Fully dense powder metallurgy (PM) Ti–4Fe–0.2O–3Cu–0.4Si alloy was produced employing spark plasma sintering (SPS) and hot extrusion aiming to develop an inexpensive high strength dual-phase (α+β) Ti alloy. The microstructure consisted of globularized fine grain α phase dispersed in the β matrix having the sharp texture of <10$\overline{1}$0>//extrusion direction. The tensile strength of alloy (∼1060 MPa) is comparatively higher than the conventional Ti–6Al–4V alloy produced by a similar method. Based on theoretical calculations the grain refinement and solid solution phenomena were the principal strengthening mechanisms. Additionally, it was found that Si solute remarkably enhanced the microstructure stability (using in situ EBSD observation) and yield strength of alloy at high-temperature.

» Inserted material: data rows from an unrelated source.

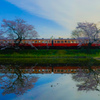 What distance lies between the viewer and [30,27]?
96.8 ft

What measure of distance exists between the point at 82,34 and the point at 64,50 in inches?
253

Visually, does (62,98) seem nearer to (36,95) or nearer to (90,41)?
(36,95)

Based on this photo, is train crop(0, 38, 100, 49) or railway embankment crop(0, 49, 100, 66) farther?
train crop(0, 38, 100, 49)

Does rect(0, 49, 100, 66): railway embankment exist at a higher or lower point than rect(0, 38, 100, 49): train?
lower

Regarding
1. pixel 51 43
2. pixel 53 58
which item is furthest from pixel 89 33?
pixel 53 58

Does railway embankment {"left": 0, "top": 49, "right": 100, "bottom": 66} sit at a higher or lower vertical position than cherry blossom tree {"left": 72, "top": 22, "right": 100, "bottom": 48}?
lower

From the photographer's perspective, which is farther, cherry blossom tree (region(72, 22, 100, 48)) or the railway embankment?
cherry blossom tree (region(72, 22, 100, 48))

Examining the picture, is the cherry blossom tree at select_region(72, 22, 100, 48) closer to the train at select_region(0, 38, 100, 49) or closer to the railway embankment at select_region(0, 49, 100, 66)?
the train at select_region(0, 38, 100, 49)

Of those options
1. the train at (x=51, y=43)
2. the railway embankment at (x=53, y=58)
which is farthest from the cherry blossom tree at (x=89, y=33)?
the railway embankment at (x=53, y=58)

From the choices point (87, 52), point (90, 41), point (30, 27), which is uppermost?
point (30, 27)

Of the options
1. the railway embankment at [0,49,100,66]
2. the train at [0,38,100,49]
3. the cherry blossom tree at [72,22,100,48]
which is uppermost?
the cherry blossom tree at [72,22,100,48]

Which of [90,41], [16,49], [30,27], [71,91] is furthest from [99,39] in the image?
[71,91]

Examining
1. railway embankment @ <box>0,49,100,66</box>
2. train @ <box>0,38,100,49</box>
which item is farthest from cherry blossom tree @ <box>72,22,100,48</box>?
railway embankment @ <box>0,49,100,66</box>

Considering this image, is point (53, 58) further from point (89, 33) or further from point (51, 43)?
point (89, 33)
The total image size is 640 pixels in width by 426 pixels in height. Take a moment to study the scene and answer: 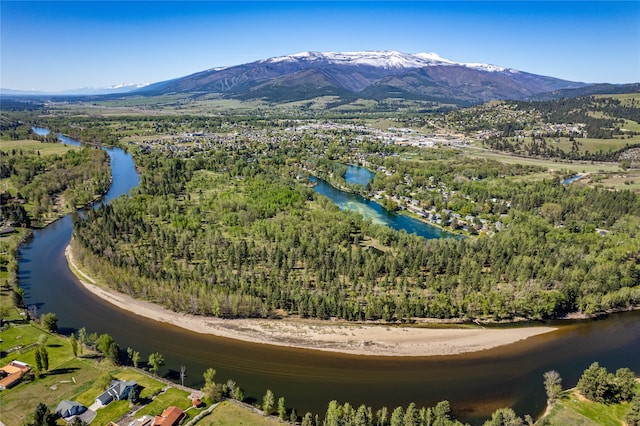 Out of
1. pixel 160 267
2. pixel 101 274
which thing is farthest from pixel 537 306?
pixel 101 274

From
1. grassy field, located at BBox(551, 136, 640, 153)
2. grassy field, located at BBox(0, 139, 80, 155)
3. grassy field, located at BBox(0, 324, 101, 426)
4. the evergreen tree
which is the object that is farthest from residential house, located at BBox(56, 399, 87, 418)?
grassy field, located at BBox(551, 136, 640, 153)

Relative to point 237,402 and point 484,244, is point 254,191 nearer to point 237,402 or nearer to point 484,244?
point 484,244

采用火花等离子体烧结（SPS）和热挤压工艺生产了全致密粉末冶金（PM）Ti–4Fe–0.2O–3Cu–0.4Si合金，目的是开发一种廉价的高强度双相（α+β）Ti合金。微观结构由散布在β基体中的球形细颗粒α相组成，其α<10$\overline{\mathrm{1个}}$0> //挤压方向。合金的抗拉强度（〜1060 MPa）相对高于通过类似方法生产的常规Ti-6Al-4V合金。根据理论计算，晶粒细化和固溶现象是主要的强化机理。另外，发现Si溶质显着提高了合金在高温下的微观结构稳定性（使用原位EBSD观察）和屈服强度。